**The input**:
★ ★ ★ ★ ★ ★ ★
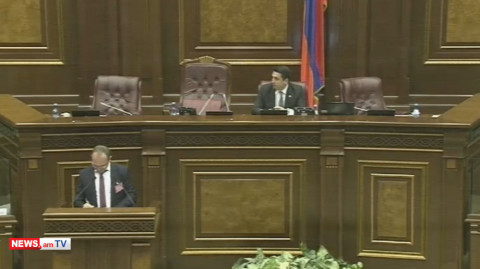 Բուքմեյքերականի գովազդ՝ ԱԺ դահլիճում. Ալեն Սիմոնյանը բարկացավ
★ ★ ★ ★ ★ ★ ★
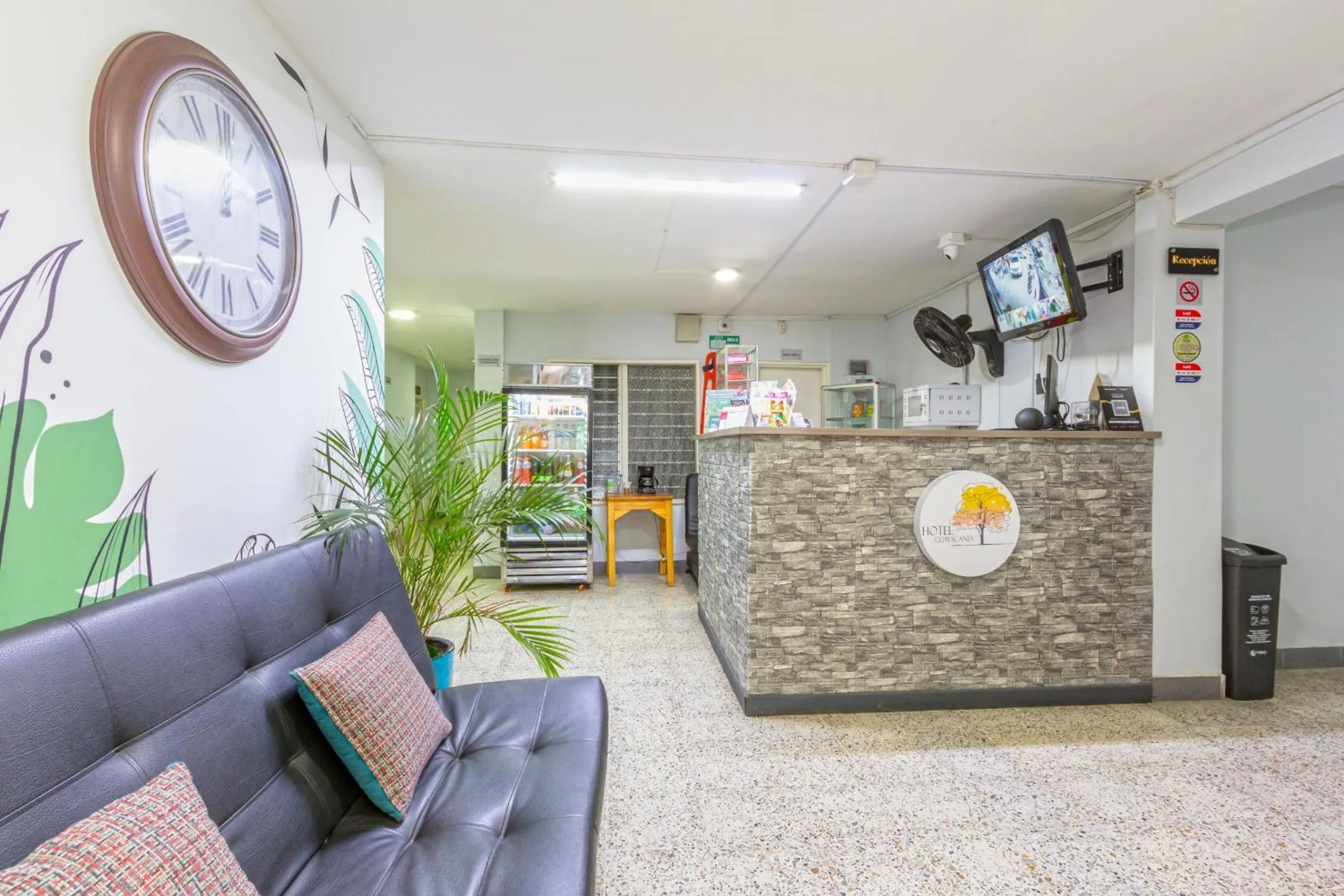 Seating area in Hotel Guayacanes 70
★ ★ ★ ★ ★ ★ ★
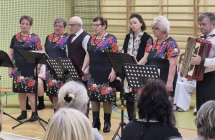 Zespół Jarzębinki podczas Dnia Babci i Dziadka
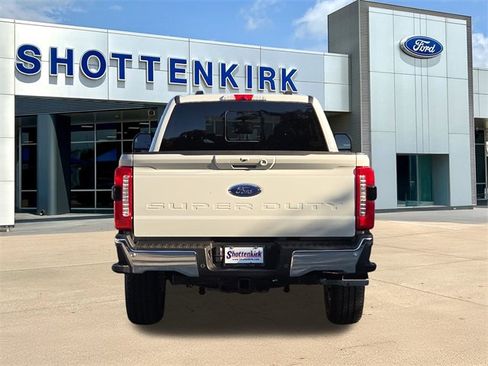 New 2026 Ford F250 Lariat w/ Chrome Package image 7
★ ★ ★ ★ ★ ★ ★
I would like the exact lines from the data above, starting with the one that holds "Zespół Jarzębinki podczas" and going on through the one that holds "New 2026 Ford", without the pictures.

 Zespół Jarzębinki podczas Dnia Babci i Dziadka
 New 2026 Ford F250 Lariat w/ Chrome Package image 7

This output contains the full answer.